◆ About this exercise: First find the line with "7 Thomas Mulholland", then reproduce it and all following lines of the data to the end, exactly and with no pictures, adding nothing.

◆ Data block:
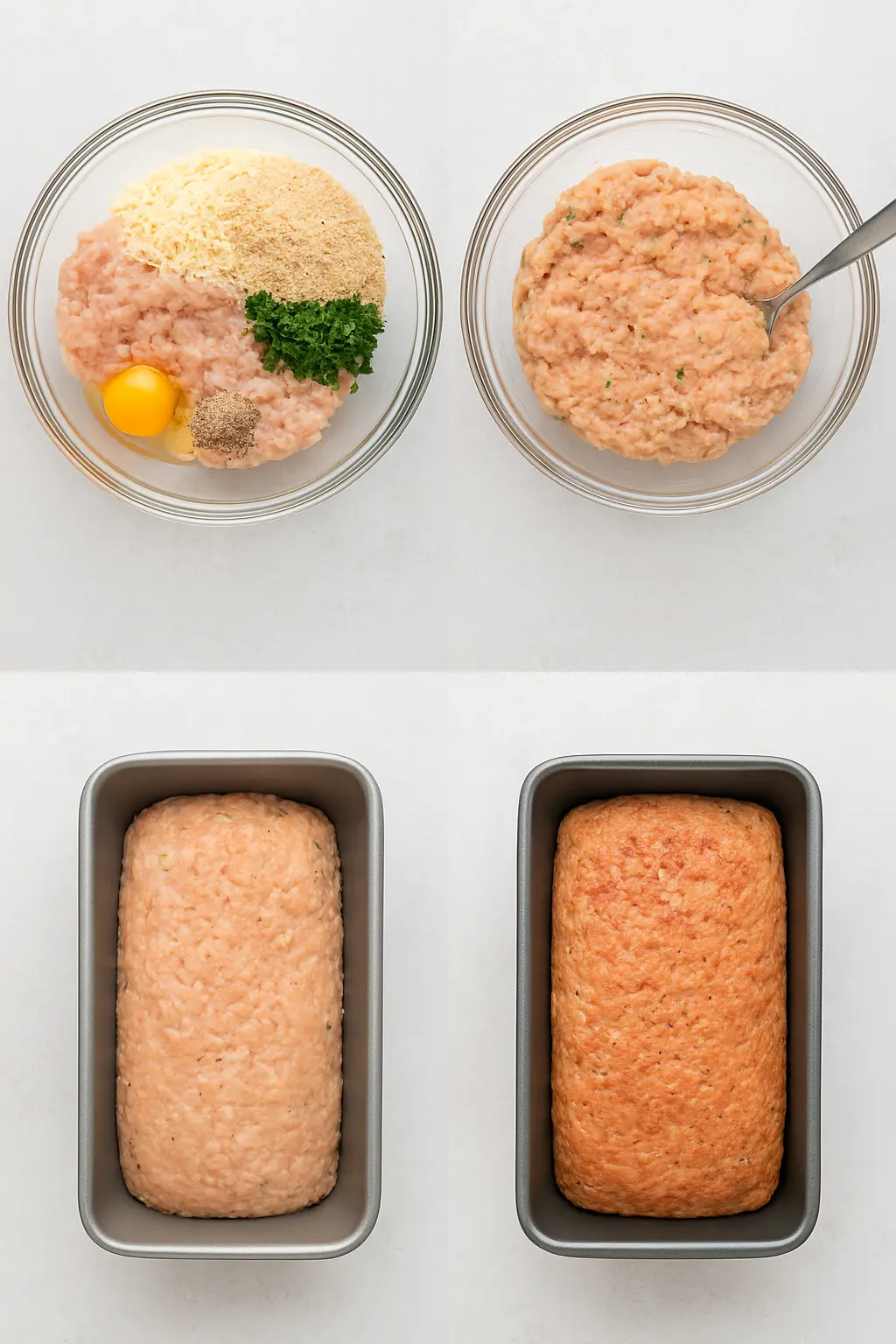 chicken meatloaf recipe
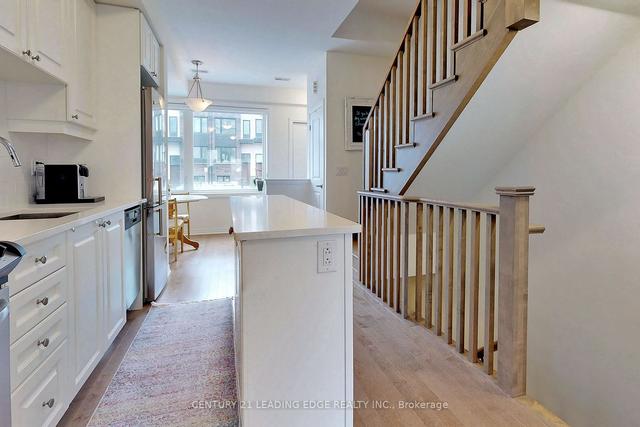 7 Thomas Mulholland Dr, House attached with 3 bedrooms, 3 bathrooms and 1 parking in Toronto ON | Image 36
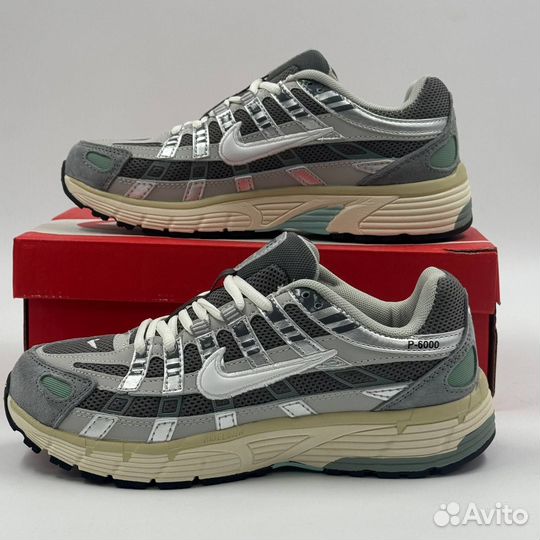 Кроссовки nike p6000
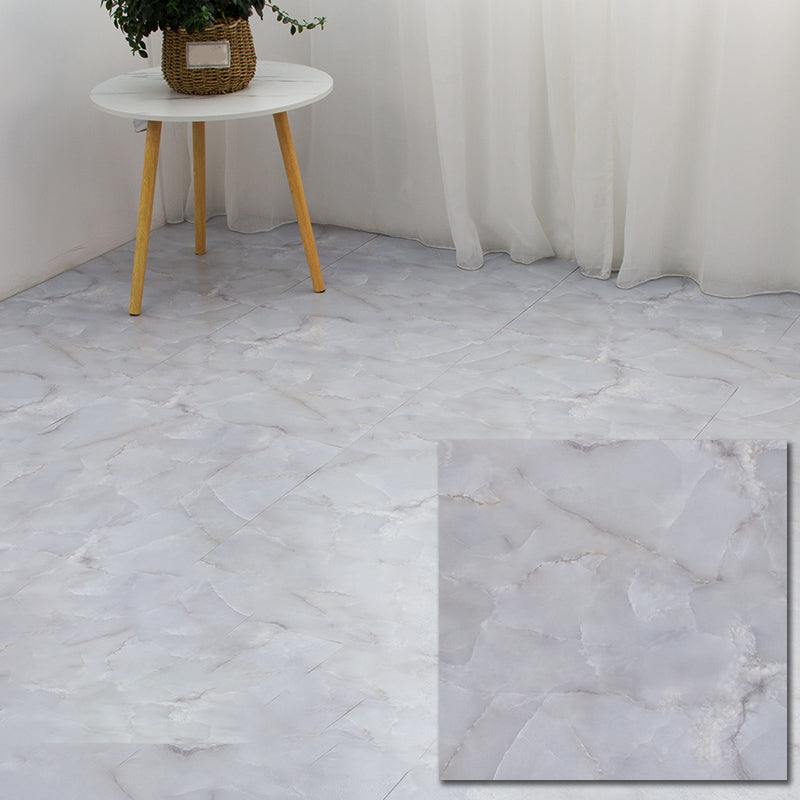 Lisslune | Modern vinyl flooring with marble design for peeling and sticking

◆ Response to this task:
 7 Thomas Mulholland Dr, House attached with 3 bedrooms, 3 bathrooms and 1 parking in Toronto ON | Image 36
 Кроссовки nike p6000
 Lisslune | Modern vinyl flooring with marble design for peeling and sticking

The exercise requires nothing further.